Heritage conservation is founded on a modernist view of the supremacy of reason and science over faith, religion and belief.
This leads to the conservation policy of detaching objects from their cultural contexts and freezing them in time. If the culture that produced the object has died, this may be justifiable. But a different policy is surely necessary when, as with Buddhism in Ladakh, the culture is alive.
Stupas are a case in point. They were made for religious reasons, to symbolise man’s place in space-time and the universe.

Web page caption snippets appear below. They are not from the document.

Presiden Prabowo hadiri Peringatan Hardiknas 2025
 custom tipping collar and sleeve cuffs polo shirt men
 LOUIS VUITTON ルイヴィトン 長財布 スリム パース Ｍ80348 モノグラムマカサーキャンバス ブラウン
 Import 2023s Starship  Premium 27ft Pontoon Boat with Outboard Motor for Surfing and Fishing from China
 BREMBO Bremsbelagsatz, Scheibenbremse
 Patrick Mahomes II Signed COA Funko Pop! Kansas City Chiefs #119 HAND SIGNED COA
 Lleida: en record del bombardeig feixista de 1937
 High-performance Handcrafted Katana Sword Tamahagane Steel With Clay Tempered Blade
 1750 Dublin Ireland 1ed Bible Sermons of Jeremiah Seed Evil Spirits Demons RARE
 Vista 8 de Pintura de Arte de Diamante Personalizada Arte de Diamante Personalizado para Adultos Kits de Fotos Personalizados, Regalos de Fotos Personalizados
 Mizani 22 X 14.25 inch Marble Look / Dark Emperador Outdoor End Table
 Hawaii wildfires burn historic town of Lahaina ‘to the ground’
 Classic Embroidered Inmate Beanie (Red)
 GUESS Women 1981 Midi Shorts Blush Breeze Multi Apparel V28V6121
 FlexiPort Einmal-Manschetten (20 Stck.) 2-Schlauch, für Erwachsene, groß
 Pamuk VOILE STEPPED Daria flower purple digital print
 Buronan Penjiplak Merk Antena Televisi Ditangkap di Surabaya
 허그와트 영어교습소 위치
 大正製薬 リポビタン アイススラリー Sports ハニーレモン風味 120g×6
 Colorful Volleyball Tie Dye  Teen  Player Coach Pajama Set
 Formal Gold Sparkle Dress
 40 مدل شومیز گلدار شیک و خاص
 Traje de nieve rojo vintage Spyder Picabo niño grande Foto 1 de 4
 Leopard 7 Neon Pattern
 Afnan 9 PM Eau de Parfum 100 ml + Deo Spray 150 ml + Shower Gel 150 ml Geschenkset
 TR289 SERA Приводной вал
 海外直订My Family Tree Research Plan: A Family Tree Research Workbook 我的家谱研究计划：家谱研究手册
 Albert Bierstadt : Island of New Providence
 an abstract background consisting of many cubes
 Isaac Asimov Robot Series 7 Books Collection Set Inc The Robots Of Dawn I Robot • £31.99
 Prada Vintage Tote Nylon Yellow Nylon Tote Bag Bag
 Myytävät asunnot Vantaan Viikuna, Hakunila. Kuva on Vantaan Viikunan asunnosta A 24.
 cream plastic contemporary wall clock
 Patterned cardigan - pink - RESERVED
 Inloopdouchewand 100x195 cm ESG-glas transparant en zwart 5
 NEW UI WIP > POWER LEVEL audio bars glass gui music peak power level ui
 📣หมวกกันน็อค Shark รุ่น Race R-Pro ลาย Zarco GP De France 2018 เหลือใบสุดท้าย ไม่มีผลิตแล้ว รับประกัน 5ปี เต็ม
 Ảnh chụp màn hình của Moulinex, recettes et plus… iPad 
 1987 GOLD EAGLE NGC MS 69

Building a stupa yields merit. Maintaining a stupa yields merit. Going clockwise around a stupa yields merit. Yet seeing a stupa decay is also instructive, as an illustration of impermanence, of anicca. With his last words, the Buddha reminded his followers that ‘All created things are impermanent’. So good actions are more important than any material or worldly goods. Similar considerations apply to the conservation of historic gardens, and much else.
Denis Byrne writes that ‘the life of a stupa is one of disintegration and accumulation’. I agree, and I also believe ‘that the life of a garden is one of disintegration and accumulation’. Only a few gardens and a few stupas should be managed like museum exhibits. Some stupas do memorialise the lives of holy men, but none were conceived as ‘sleeping places’ for the dead, which is the origin of the word ‘cemetery’. The Buddha was cremated and his ashes were scattered by dividing them among his followers.